The other speaker for the day was Christine Yeats from State Records NSW talking about the DVD The Old Register One to Nine which is an invaluable resource for anyone with ancestors 1794-1824 in NSW. When the DVD first came out I was asked to do a review for the Australian archival journal Archives & Manuscripts so I was aware of how useful and interesting this resource is. In the review I mentioned that I didn’t find it all that easy to use, but I found Christine’s walk through using the various indexes and then finding the digitised images easier to understand. Another useful point from Christine’s talk was the relationship of the Register to other records held by SRNSW. It’s on sale for $100 (that’s a saving of $25) until 14 December so perhaps a great Christmas present for an enthusiastic family historian with early convict or military connections!

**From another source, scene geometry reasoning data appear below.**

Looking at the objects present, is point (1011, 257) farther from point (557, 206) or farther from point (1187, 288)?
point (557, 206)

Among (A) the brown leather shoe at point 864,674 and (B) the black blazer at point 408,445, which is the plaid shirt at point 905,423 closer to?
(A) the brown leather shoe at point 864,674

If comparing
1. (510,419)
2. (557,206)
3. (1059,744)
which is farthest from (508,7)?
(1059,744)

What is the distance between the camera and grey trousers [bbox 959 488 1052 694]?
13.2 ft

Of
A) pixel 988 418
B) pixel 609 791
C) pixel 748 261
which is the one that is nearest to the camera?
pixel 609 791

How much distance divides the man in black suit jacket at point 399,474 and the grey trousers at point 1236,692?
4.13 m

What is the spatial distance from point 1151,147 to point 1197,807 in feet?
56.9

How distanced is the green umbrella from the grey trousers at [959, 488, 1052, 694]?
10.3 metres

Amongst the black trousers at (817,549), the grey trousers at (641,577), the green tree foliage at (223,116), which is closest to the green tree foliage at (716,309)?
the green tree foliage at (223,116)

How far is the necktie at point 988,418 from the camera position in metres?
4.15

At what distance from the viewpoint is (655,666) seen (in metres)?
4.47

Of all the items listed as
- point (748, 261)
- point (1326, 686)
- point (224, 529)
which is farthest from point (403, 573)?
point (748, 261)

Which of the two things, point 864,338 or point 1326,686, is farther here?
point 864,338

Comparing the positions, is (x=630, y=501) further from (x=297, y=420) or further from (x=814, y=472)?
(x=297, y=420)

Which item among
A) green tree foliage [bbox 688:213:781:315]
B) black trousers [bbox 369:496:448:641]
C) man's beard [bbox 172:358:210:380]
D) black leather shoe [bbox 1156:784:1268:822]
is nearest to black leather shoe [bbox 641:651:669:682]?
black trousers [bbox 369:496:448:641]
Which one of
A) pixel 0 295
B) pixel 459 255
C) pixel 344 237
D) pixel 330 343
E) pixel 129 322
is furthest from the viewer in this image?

Christine had a paper handout of her presentation (useful for the step by step instructions on using the Register) and versions of my talks Google Your Family Tree: Tips & Tricks and Online Trends in Family History are on the Resources page of my website (scroll down to Presentations).
Perhaps the thing I like most about speaking in regional areas is that the catering is always superb. Country cooking is always in evidence with delicious cakes, biscuits and slices and a great variety of sandwiches plus fresh fruit. Not to mention tea in teapots!!
After the seminar ended we went for a short drive down to Pambula South beach (sometimes you can even see the humpack whales from the beach) and we were surprised to see kangaroos (or were they wallabies or both, many with joeys) in people’s gardens, on footpaths and every where else! Pambula is an historic area and many of the old stone buildings also caught our attention.
The organisers did a great job and from the verbal feedback, everyone went home with lots of things they wanted to follow up on. I hope it is not another 10 years before I am asked back!